DATA EXTRACTS:
______________________________

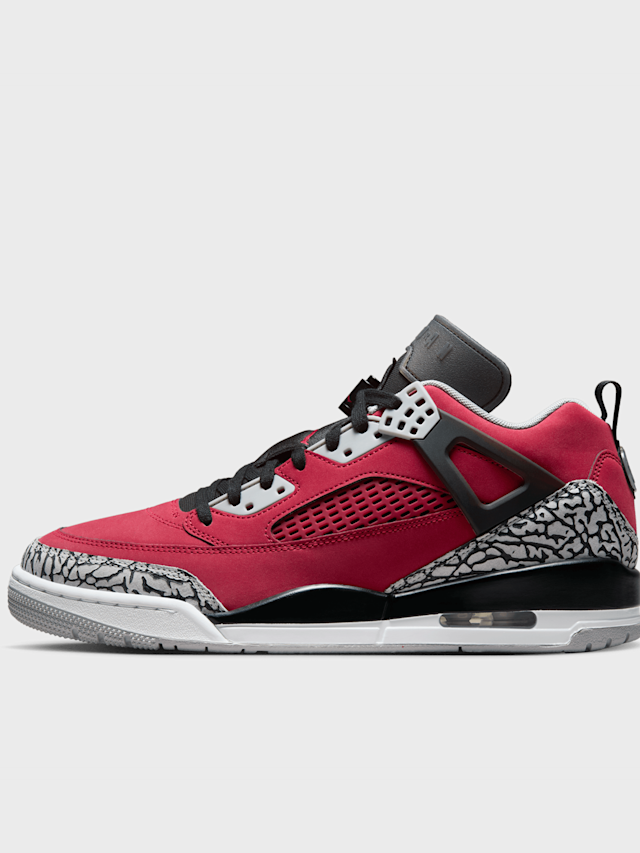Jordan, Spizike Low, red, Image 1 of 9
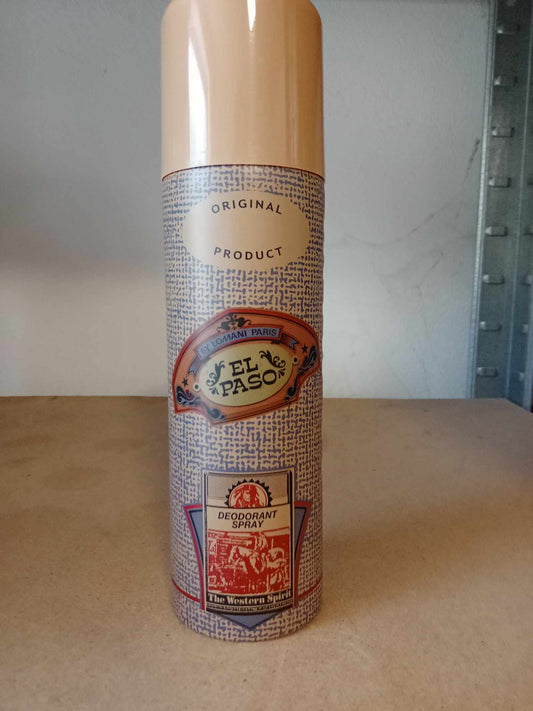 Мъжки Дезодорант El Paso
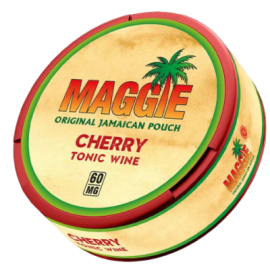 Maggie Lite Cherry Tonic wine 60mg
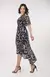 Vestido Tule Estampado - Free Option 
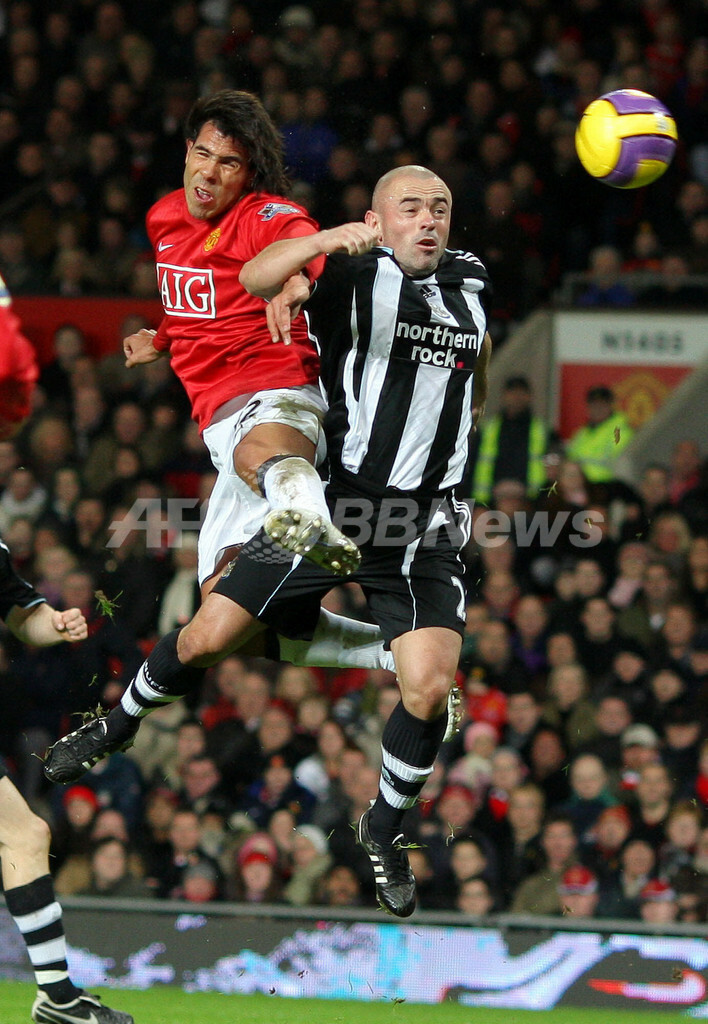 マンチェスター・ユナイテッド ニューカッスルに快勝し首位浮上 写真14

______________________________

TASK GOAL: Please make an exact copy of the records, leaving out any picture.

RESULT:
Jordan, Spizike Low, red, Image 1 of 9
 Мъжки Дезодорант El Paso
 Maggie Lite Cherry Tonic wine 60mg
 Vestido Tule Estampado - Free Option 
 マンチェスター・ユナイテッド ニューカッスルに快勝し首位浮上 写真14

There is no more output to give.